U.S. President Donald Trump answers questions during a press conference following his historic summit with North Korean leader Kim Jong Un in Singapore, on June 12. Trump described his meeting with Kim as “better than anyone could have expected.” Win McNamee/Getty Images

Critics have said the agreement does not go nearly far enough or hold significant weight.

"Wow. If this is it...this is depressing," Robert E. Kelly, professor of political science at Pusan National University in South Korea, tweeted. "This is even thinner than most skeptics anticipated.
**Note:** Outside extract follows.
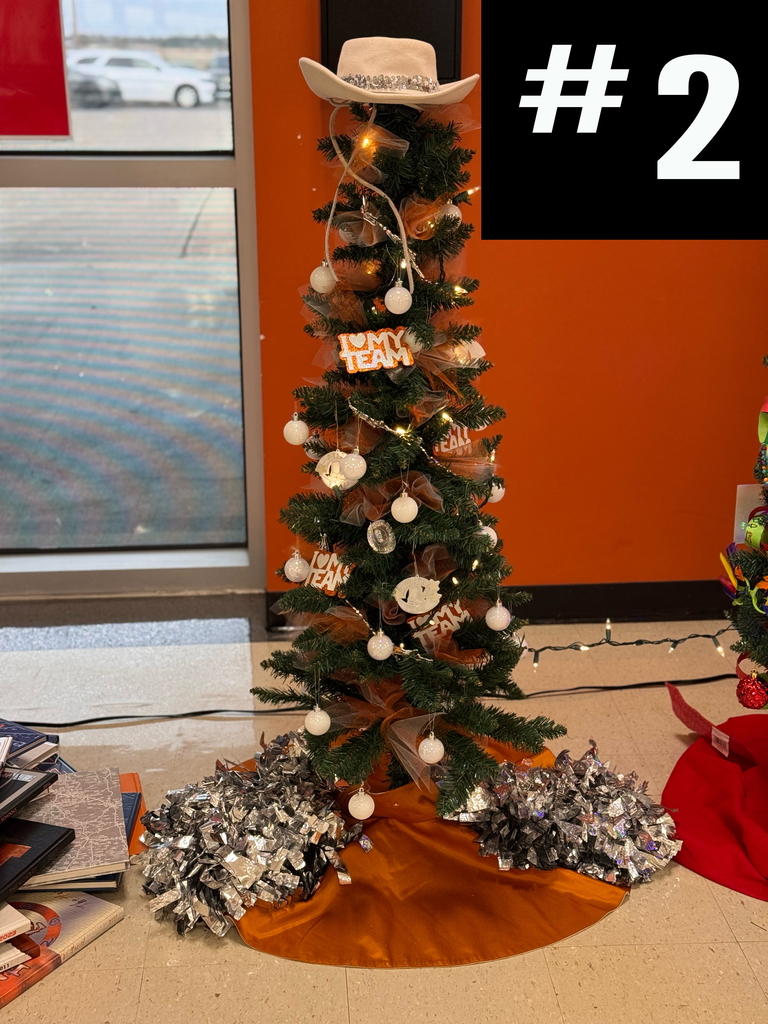 🎄 The tinsel is back and the competition is fierce! 🎄 The 𝟐𝐧𝐝 𝐀𝐧𝐧𝐮𝐚𝐥 𝐂𝐇𝐒 𝐇𝐨𝐥𝐢𝐝𝐚𝐲 𝐓𝐫𝐞𝐞 𝐃𝐞𝐜𝐨𝐫𝐚𝐭𝐢𝐧𝐠 𝐂𝐨𝐧𝐭𝐞𝐬𝐭 is underway, and our campus clubs/organizations went all out.  Now it’s your turn—v𝗩𝗢𝗧𝗘 𝗙𝗢𝗥 𝗬𝗢𝗨𝗥 𝗙𝗔𝗩𝗢𝗥𝗜𝗧𝗘 𝗧𝗥𝗘𝗘 (in the comments) and help crown this year’s champion! 🏆 May the best tree win… and the others handle it gracefully. 😉 #CaldwellProud #CaldwellISD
I figured Trump [would] at least get some missiles or a site closure or something concrete.... This looks pretty generic."

Anthony Ruggiero, senior fellow of Washington's Foundation for Defense of Democracies think tank, told Reuters that the deal looked like a mere "restatement" of where negotiations were left "more than 10 years ago."

Trump told reporters, however, that he and Kim reached agreements on additional points that were not reflected in the signed document. "We didn't put them in the agreement because there wasn't enough time," he said.